[Record set Boundary: Start]

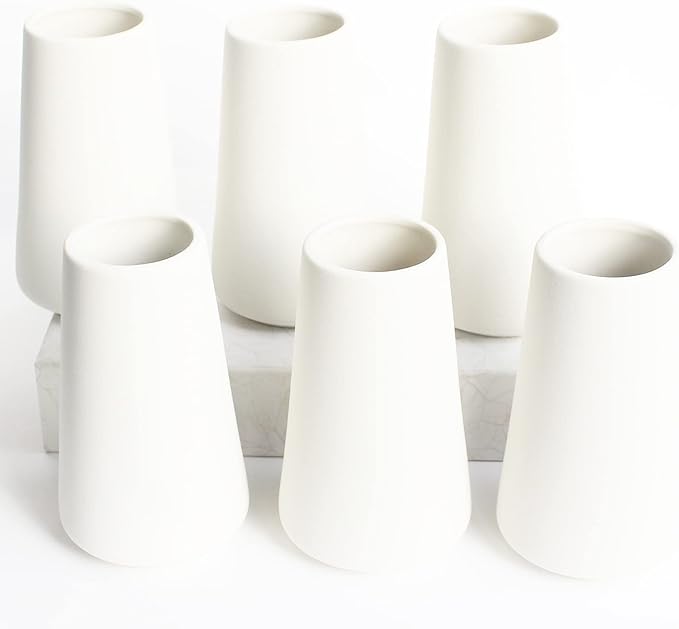 YANLING 6 Pack White Ceramic Vases for Home Decor, 6 Inch Modern Centerpieces for Pampas Grass, Table, Boho Flowers Decor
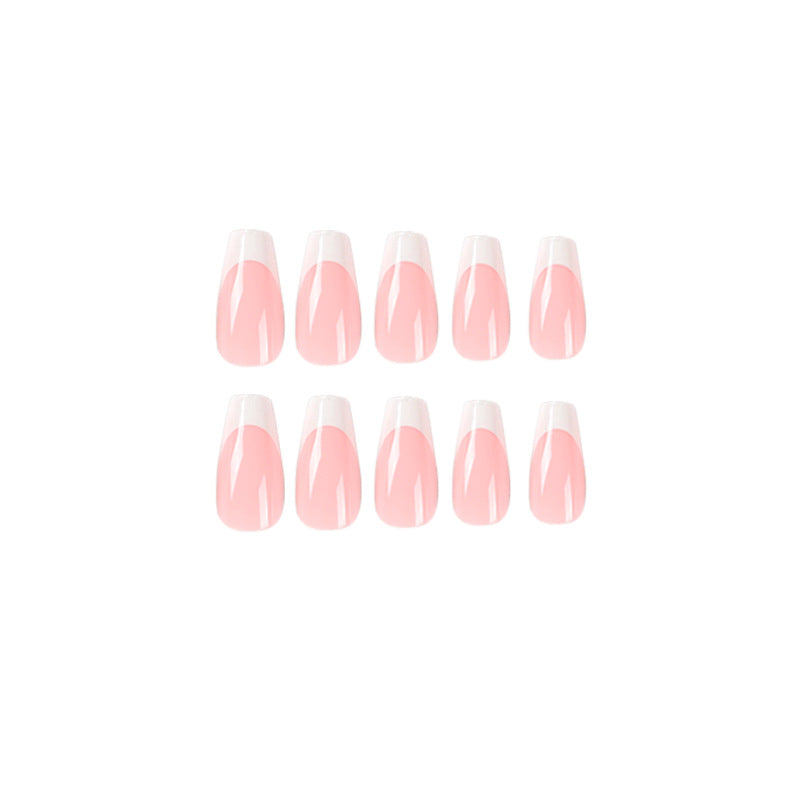 簡約白邊法式 穿戴甲 成品 可拆式 假甲｜365nails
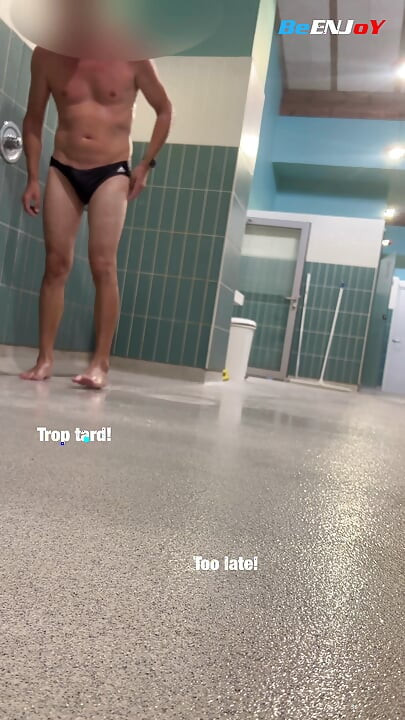 BeENJoY - Naked in the mixed pool shower, almost caught! I in the open cabin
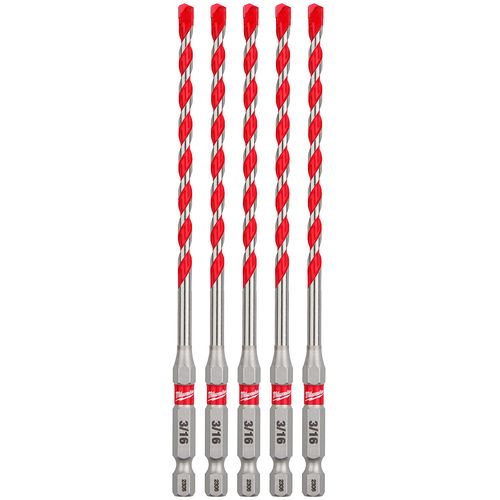 Main product image of 3/16" x 4" x 6" SHOCKWAVE Impact Duty Carbide Hammer Drill Bits (5 Pack)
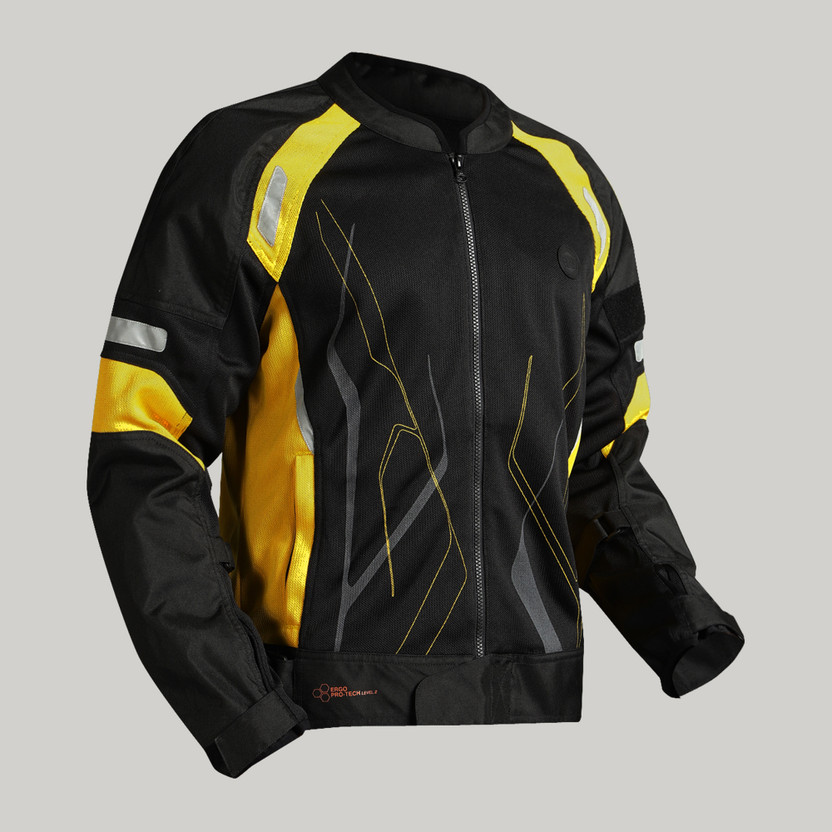 ROYAL ENFIELD Streetwind Eco V2 Sustainable Ridng Jacket | CE Level 2 Shoulder & Elbow Armors Riding Protective Jacket(Yellow, M)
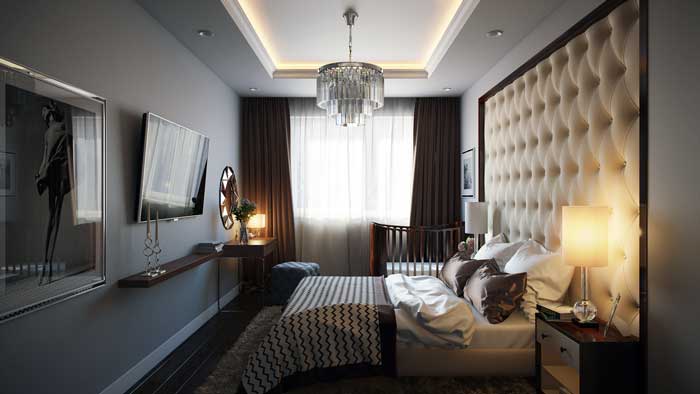 Спальня со встроенным шкафом и белым подвесным потолком из гипсокартона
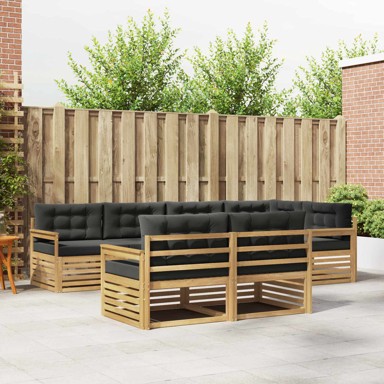 Set vanjskih sofa 7-dijelni s jastukom, poliester, bijela/antracit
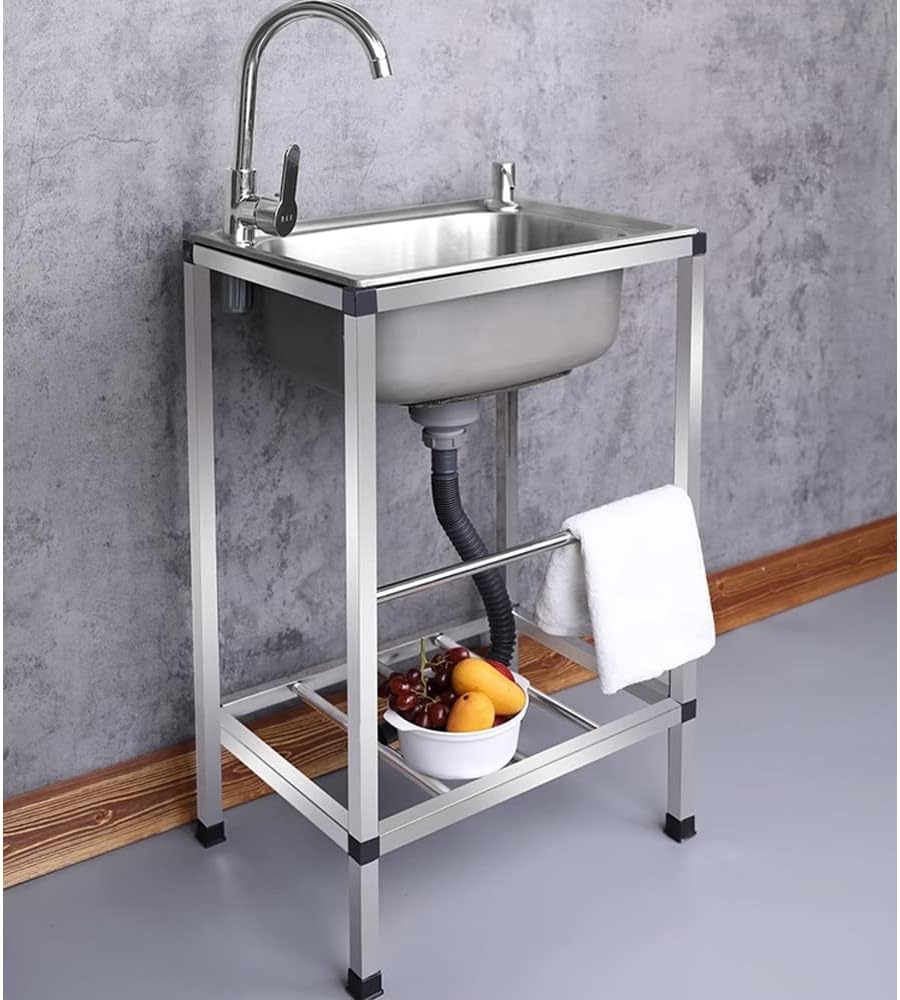 EMISOO Évier INOX De Cuisine Indépendant sur Pied avec Robinet Support ...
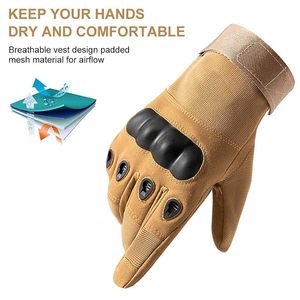 Full Finger Tactical <b>Gloves</b> Tan Polyester Non Slip Outdoor <b>Men</b> Hook And Loop Closure - Product Image 5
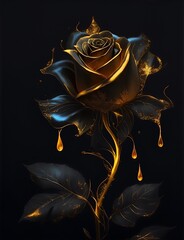 "Midnight's Mystery: Iconic Black Rose Artwork on Adobe Stock - An Enigmatic Delight for the Senses!"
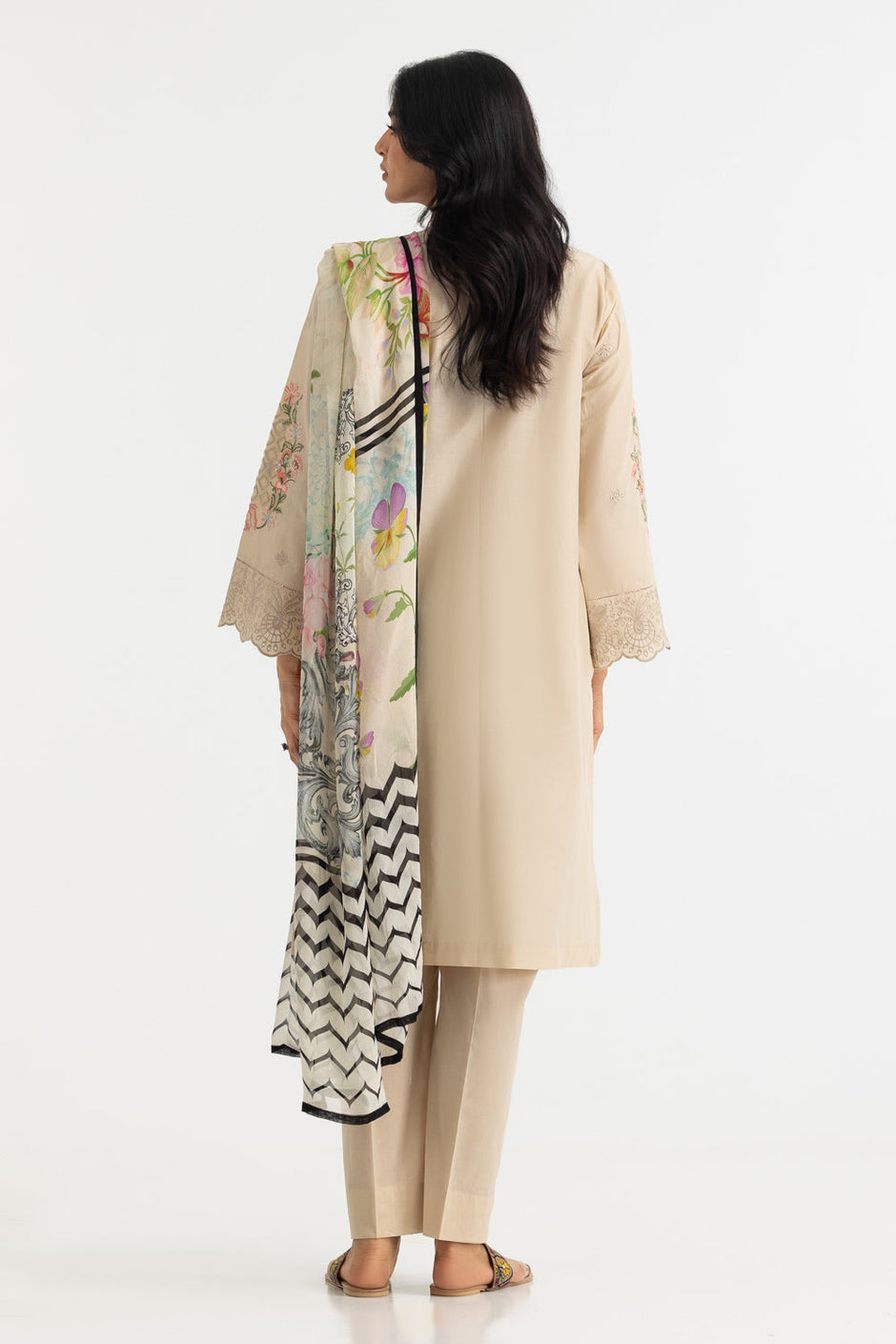 3PC Lawn Embroidered Suit With Printed Chiffon Dupatta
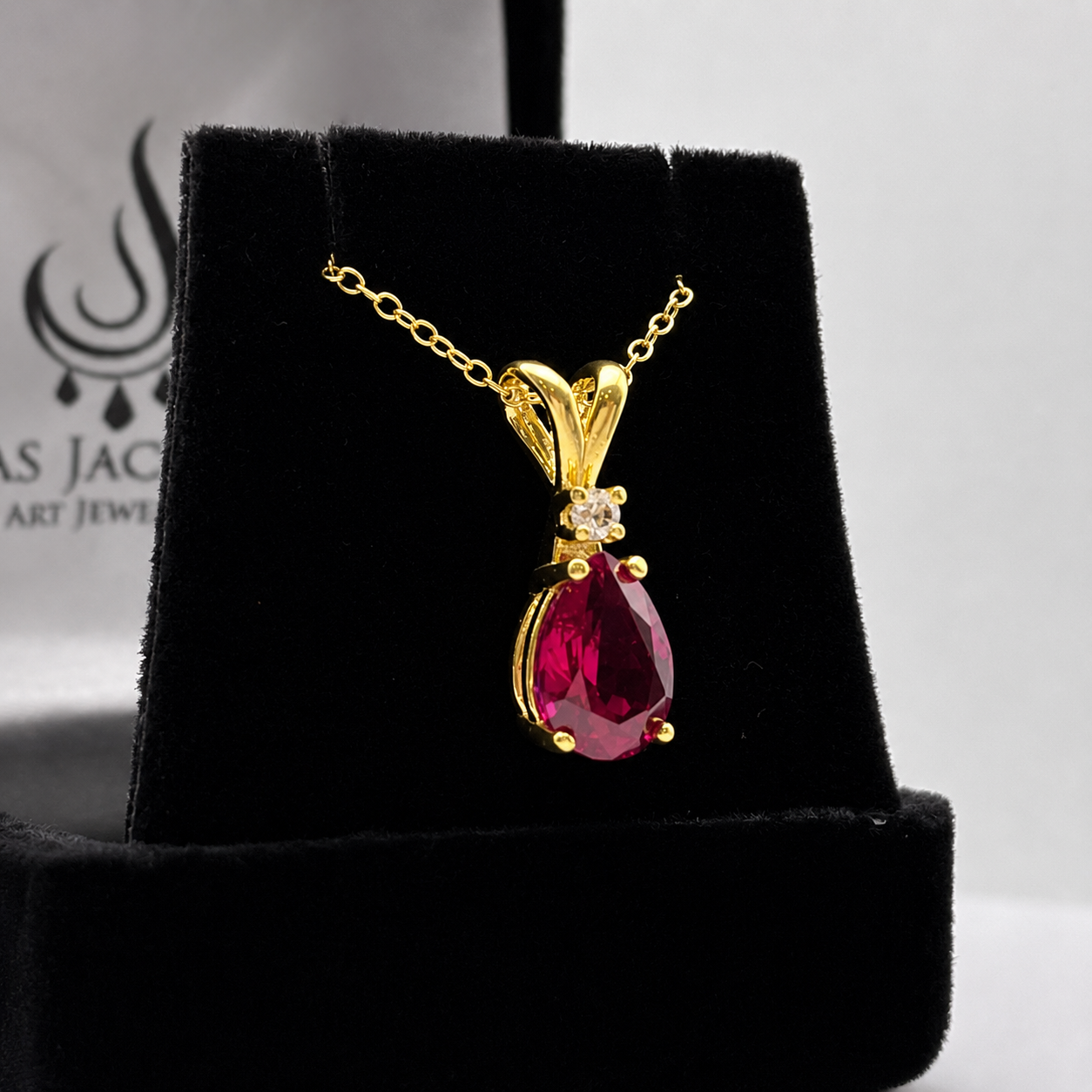 2.2CT Pear Cut Ruby Pendant Necklace | Diamond Accent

[Record set Boundary: End]

Exercise requirements:
Print each line of the listing, starting at its first and ending with the line that holds "Mystery: Iconic Black", but skip any pictures.

Output for this task:
 YANLING 6 Pack White Ceramic Vases for Home Decor, 6 Inch Modern Centerpieces for Pampas Grass, Table, Boho Flowers Decor
 簡約白邊法式 穿戴甲 成品 可拆式 假甲｜365nails
 BeENJoY - Naked in the mixed pool shower, almost caught! I in the open cabin
 Main product image of 3/16" x 4" x 6" SHOCKWAVE Impact Duty Carbide Hammer Drill Bits (5 Pack)
 ROYAL ENFIELD Streetwind Eco V2 Sustainable Ridng Jacket | CE Level 2 Shoulder & Elbow Armors Riding Protective Jacket(Yellow, M)
 Спальня со встроенным шкафом и белым подвесным потолком из гипсокартона
 Set vanjskih sofa 7-dijelni s jastukom, poliester, bijela/antracit
 EMISOO Évier INOX De Cuisine Indépendant sur Pied avec Robinet Support ...
 Full Finger Tactical <b>Gloves</b> Tan Polyester Non Slip Outdoor <b>Men</b> Hook And Loop Closure - Product Image 5
 "Midnight's Mystery: Iconic Black Rose Artwork on Adobe Stock - An Enigmatic Delight for the Senses!"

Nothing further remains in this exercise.